Sayyidina Utsman Seorang Yahudi? Begini Tanggapan Cerdas Imam Abu Hanifah

Ada yang pernah mendengar pemuda Kufah bernama Nu’man bin Tsabit? Seorang pedagang muda yang terkenal dengan  kecerdasan dan kejujurannya. Disela-sela berniaga ia selalu menyempatkan dirinya untuk menambah wawasannya dengan membaca.

Bahkan saking cintanya kepada ilmu pengetahuan, banyak awaktunya yang ia luangkan untuk mengikuti halaqah dan majlis ilmu guru-gurunya. Sampai dikisahkan bahwa ia berguru kepada Imam Hamad bin Abi Sulaiman selama belasan tahun. Hingga akhirnya tumbuhlah seorang Imam besar yang masyhur dengan panggilan Abu Hanifah.

Sikap-sikapnya yang bijak, pemikirannya yang cerdas, dan pendapat-pendapatnya yang rasional membuat orang-orang senang dan juga kagum kepadanya. Terbukti ketika ia mendengar pernyataan seorang bangsawan Kufah yang mengatakan bahwa sayyidina Utsman bin Affan itu sebenarnya seorang Yahudi dan tetap Yahudi setelah datangnya Islam.

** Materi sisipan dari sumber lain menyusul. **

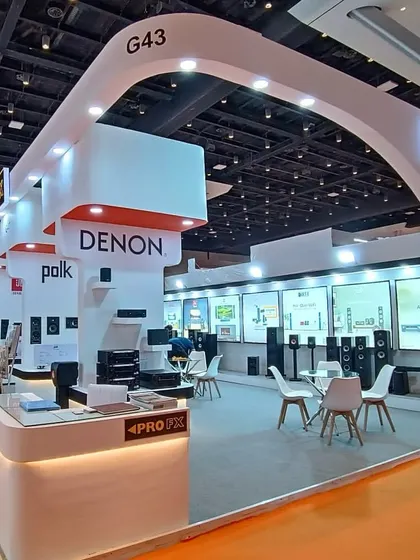 An alternate view of our professionally executed exhibition booth, showcasing our strong branding and the premium partners we represent, including Denon and Polk.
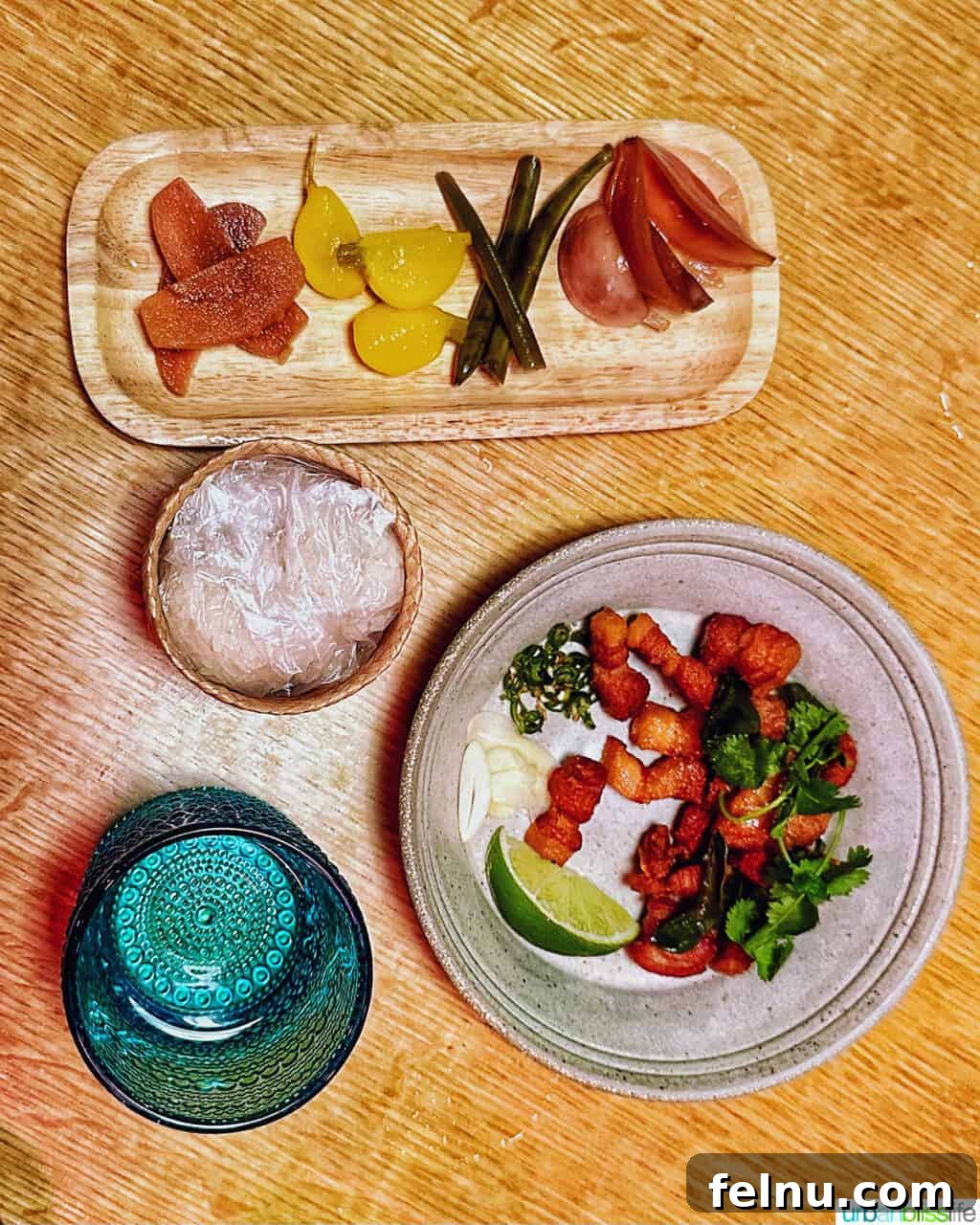 Portland's Top Romantic Dinner Spots 35 Assortment of pickled vegetables and a plate of crispy pork belly on a wood table at Phuket Cafe.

Imam Abu Hanifah tidak lantas marah ataupun mencaci bangsawan tersebut. Akan tetapi ia menggunakan caranya yang sangat halus nan lembut dengan berdialog dan mengajaknya berpikir.

“Assalamualaikum. Wr.wb. wahai tuan, bolehkah saya melamar anak gadismu untuk seorang pemuda?” ucap Abu Hanifah.

Bangsawan itu pun tersenyum dan berkata, “Adakah yang berani menolak permintaan orang sepertimu wahai Imam?, Akan tetapi siapakah pemuda itu?”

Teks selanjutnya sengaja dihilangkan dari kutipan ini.